As threatened last week we’ll wind up our examination of sensuous adobes and evocative shadows. Two of the images are from the most photographed edifice in the western world, San Francisco de Asis. The other is of the rocky foundation of the Santuario de Chimayo which has been depicted almost as much. Both were completed in 1816 making them youngsters compared to other Spanish Mission Churches in New Mexico that date back to the late sixteenth century. However, Saint Francis was preceded by another church on the same site about which I find nothing and Santuario de Chimayo was built on the site where a painted wood sculpture of the Christ of Esquipulas miraculously appeared. The year was 1810

Sunday, December 08, 2024

Adobe and Smoke, Verticality

Book of Solemnity # 2, San Francisco de Asis

Here's a bevy of verticals, a rarity on these pages. It’s so special I may follow with additional tall images next week as well. This protracted extravaganza is about the shadows caressing the organic adobe forms that abound near Casa Immel. I am blessed by these masterpieces and must doff my sombrero to the Spanish who introduced Spanish Mission Architecture to the wilds of New Mexico in the early 17th century.

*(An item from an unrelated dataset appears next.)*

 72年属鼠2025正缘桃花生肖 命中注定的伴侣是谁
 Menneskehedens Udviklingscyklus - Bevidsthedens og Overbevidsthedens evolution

Stairs in Shadow, Acoma Pueblo


 
Verticality, San José de Gracia, Las Trampas

Santa Fe’s San Miguel Chapel was completed in 1628 and is proclaimed to be the oldest church in the United States. Yet, Nuestra Señora de Perpetua in Socorro was built in 1593, so I’m flummoxed. What is incontestable is that the Conquistadores conquered Central America, Mexico and Nuevo Mexico in less than 150 years.


Sunday, December 01, 2024

Adobe and Smoke

Adobe and Smoke, Arroyo Seco, New Mexico

Dinner Shadows, Casa Immel. That's a pepper mill, folks.

Feathery Shadows. San Francisco de Asis. Ranchos de Taos.

As has often been the case of late today’s effort is a warmup for an exploration of inky shadows on adobe that may become a Shadow and Light article early next year. Most of the sensuous adobe forms and feathery shadows in the series are from Spanish Colonial Mission Churches in northern New Mexico but today there's just one as captioned. 

This post may set a record for brevity. We’re in repair and maintenance hell here at the Immel Rancho. If it could break it did.